Required action =
Return, word for word, only the lines from the one containing "Stylish Letter Print" through the last line of the entries.

[[ Data shown, beginning ]]

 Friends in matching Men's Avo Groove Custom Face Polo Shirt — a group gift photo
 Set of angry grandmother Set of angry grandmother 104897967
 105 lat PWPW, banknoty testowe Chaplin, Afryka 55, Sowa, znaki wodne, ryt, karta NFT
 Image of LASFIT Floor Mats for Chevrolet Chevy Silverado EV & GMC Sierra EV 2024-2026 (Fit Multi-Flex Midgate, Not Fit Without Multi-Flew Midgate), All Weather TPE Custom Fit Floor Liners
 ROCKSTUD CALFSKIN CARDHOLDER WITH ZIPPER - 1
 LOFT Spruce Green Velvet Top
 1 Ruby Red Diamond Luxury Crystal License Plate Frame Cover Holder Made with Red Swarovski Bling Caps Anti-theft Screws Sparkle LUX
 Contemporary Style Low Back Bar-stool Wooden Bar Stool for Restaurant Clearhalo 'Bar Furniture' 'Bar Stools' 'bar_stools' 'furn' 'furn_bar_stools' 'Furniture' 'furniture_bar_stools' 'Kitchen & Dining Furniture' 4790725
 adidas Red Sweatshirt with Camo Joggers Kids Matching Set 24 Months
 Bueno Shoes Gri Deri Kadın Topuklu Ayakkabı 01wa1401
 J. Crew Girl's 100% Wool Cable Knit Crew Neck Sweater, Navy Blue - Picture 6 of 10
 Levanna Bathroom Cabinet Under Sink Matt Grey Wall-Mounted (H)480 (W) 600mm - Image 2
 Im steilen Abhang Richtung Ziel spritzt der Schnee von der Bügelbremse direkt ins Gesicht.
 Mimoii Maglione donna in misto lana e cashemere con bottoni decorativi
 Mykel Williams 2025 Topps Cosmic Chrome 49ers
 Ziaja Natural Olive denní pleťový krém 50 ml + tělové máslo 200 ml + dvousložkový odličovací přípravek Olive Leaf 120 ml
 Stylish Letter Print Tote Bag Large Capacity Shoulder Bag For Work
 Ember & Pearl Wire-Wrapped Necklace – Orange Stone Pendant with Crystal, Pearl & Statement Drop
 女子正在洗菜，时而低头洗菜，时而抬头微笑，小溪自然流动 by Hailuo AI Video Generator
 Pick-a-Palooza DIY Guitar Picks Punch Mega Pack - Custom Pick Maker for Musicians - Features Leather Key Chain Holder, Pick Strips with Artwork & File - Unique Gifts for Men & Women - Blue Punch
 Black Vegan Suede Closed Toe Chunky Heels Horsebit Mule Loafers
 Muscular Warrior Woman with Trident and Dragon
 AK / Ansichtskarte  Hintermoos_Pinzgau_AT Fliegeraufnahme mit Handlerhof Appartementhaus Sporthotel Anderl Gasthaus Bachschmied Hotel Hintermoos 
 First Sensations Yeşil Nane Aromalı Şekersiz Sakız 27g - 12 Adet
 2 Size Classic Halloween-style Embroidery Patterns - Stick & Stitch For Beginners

[[ Data shown, end ]]

Exercise result =
 Stylish Letter Print Tote Bag Large Capacity Shoulder Bag For Work
 Ember & Pearl Wire-Wrapped Necklace – Orange Stone Pendant with Crystal, Pearl & Statement Drop
 女子正在洗菜，时而低头洗菜，时而抬头微笑，小溪自然流动 by Hailuo AI Video Generator
 Pick-a-Palooza DIY Guitar Picks Punch Mega Pack - Custom Pick Maker for Musicians - Features Leather Key Chain Holder, Pick Strips with Artwork & File - Unique Gifts for Men & Women - Blue Punch
 Black Vegan Suede Closed Toe Chunky Heels Horsebit Mule Loafers
 Muscular Warrior Woman with Trident and Dragon
 AK / Ansichtskarte  Hintermoos_Pinzgau_AT Fliegeraufnahme mit Handlerhof Appartementhaus Sporthotel Anderl Gasthaus Bachschmied Hotel Hintermoos 
 First Sensations Yeşil Nane Aromalı Şekersiz Sakız 27g - 12 Adet
 2 Size Classic Halloween-style Embroidery Patterns - Stick & Stitch For Beginners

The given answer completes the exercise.